Your output should be everything below from the line containing "Mug Shot Trump" down to the line containing "Meditate to block", both ends included, copied exactly, with pictures left out.

-- Information provided --
######
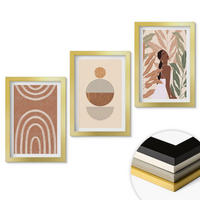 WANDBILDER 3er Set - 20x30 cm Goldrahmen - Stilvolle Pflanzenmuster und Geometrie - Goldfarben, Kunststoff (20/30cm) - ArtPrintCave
######
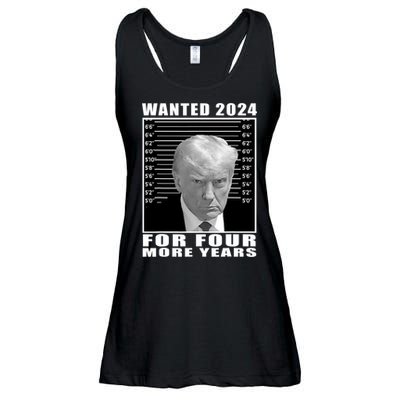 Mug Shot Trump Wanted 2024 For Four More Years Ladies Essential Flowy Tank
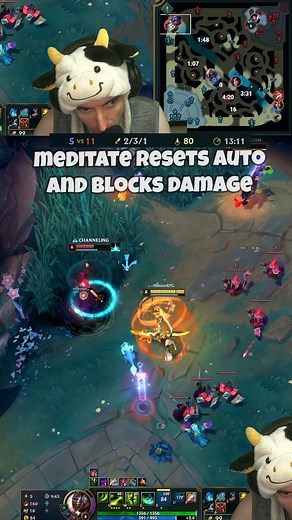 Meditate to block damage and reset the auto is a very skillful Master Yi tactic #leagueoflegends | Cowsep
######
-- Task result --
 Mug Shot Trump Wanted 2024 For Four More Years Ladies Essential Flowy Tank
 Meditate to block damage and reset the auto is a very skillful Master Yi tactic #leagueoflegends | Cowsep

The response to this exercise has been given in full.